Saturday, September 29, 2012
The BFG and The Hunger Games, Locke and Hobbes
But I keep circling around these two children's books: The BFG (by Roald Dahl) and The Hunger Games (by Suzanne Collins).
A strange combination, I suppose. I didn't intend to read them in succession, and I'd never read them before. I didn't know a thing about BFG until my wife brought it along as an audio book for one of our road trips. On the other hand, I'd heard all about The Hunger Games. Expectations are funny things. Friends of mine, people who know me but must not really know what I read (and why), kept recommending Hunger Games. And I kept resisting. I know myself.
I enjoyed Harry Potter, but I didn't read it until all the books had been published, and I came very close to not finishing the series. I blew through the first 3 books and promised myself that if the fourth book didn't pick up considerably, I was finished. Thankfully, the fourth book improved in the complexity of its plot, the depth of its characters, and its tenor. But Harry Potter was an exception to this simple rule: Young Adult books are too simple.
And Hunger Games was. Of course, I see (or think I see) all the injustices the author wants us to see: the brutality of wealth, the disenfranchisement of the oppressed, the divisions within the oppressed that prevent an overthrow of the system.
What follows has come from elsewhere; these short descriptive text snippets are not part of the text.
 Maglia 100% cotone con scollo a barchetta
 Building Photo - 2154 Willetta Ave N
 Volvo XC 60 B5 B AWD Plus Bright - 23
BFG traffics in many of the same themes: we meet monsters who force us to admit that our "civilization" is barbaric in its own ways, we see how hard it really is for someone who perceives him or herself as weak to stand up to thuggery.
Both protagonists are young girls snatched from their homes and put in a hostile environment. Food is central to both books (the hunger games tournament revolves around the threat of starvation, while the giants of BFG show their evilness by guzzling humans).
But where the prose of Hunger Games felt static and lifeless (in fairness, largely because the bulk of the book was exposition by a character who is profoundly isolated from the people around her; it would be interesting to see how similar internal books fared in movie adaptations), BFG was brimming with dialogue. The voice of the giant who is the focus of BFG is unique, in the same fractured syntactical way that so many of Lewis Carrol's characters are.
In the denouement of both Hunger Games and BFG, our protagonists realize how their previous view of the world was too simple, that the real world is more complex than they had considered. But where Katniss raises her guard and begins to see enemies everywhere, Sophie finds friends. Maybe its wishfulness, the mix of nostalgia and childishness, that makes me prefer Sophie's ending.
The people of Sophie's world are, ultimately, good people. They are competent and capable. Though they need help to see past differences, with a little guidance from a young girl, they can. Katniss' world is darker, more filled with people willing to sacrifice each other. Thinking about the political science distinction between Locke and Hobbes, whether we are social creatures who come into conflict only when we delude ourselves into thinking that force is justified by the scarcity of resources, or whether we are individualists only bound together by the strictures of society.
I've always come down in favor of Locke- just as I prefer Dahl to Collins.
Books 35 and 36 of my book-a-week challenge.